Any consultant, whether a freelance individual or an outsourced consulting house, is looking to maximize their revenue from project engagements. It’s the nature of their business. Hours are billable hours and the more billable hours you have the bigger the cut you receive. The second hat requires having the customer’s interests in mind. Although I have experienced working with many colleagues who hold the customer’s interest at heart and aim to deliver the best solution they can, I have also experienced working with colleagues who would do anything to ensure they remain billable for as long as possible. The latter comes at the expense of the customer, both in the short term and in the long term. For example, I helped a customer evaluate how their system had been pieced together after the first phase of their rollout.
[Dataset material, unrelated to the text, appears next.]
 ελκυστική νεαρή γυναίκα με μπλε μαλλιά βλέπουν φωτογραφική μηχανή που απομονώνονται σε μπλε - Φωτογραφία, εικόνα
The consultants who set up their system had introduced so much custom ABAP code for no apparent reason and with no documentation, that it was almost impossible for the in-house analysts to interpret what had been done and why it had been done. The implementation consultants had attempted to secure their involvement with this customer by not disclosing their design activities. So much for getting the cheapest consultants on board.

There are many shortcuts project teams can take during an implementation. During solution design, they can avoid thorough evaluation of all possible solution options or simply stick with what they have done before. Sometimes this works, but in most cases you will miss out on newly released standard functionality that can be very beneficial. Lack of research leads to unnecessary custom developments that could have been solved in a less time-consuming way. Testing of new functionality can be skipped over by assuming that minor tweaks would simply work or by not performing thorough regression testing. It may seem mundane but testing everything is always a good idea, provided you have the time and resources to do so. Training efforts can be slimmed down as well, especially during schedule planning and content preparation, which affects the basic understanding of the most important people in your implementation – the users. Never underestimate the time required to prepare training content, visual guides, presentations and also to deliver the training over various skill levels and to a range of audiences in different locations.

While shortcuts seem appealing during a project they quite often have short term and long term effects. The short term effect is a delay to a project deadline, based on extra time spent to correct minor errors. The long term effect is having to continuously revisit the same flaws in your solution based on a couple of bad decisions. To repair these flaws you may have to use additional resources in trying to fix what should not have been a problem in the first place. Even worse, you could find yourself in a detrimental situation where you cannot roll out upgrades or new features because of those bad decisions. You may also need to retrain a segment of your user community.

Planning correctly is always the most important aspect of SAP implementations. In fact, we quite often observe (but usually ignore) how important planning is to most aspects of our lives. If only we could obey our logical side and not let other factors get in the way.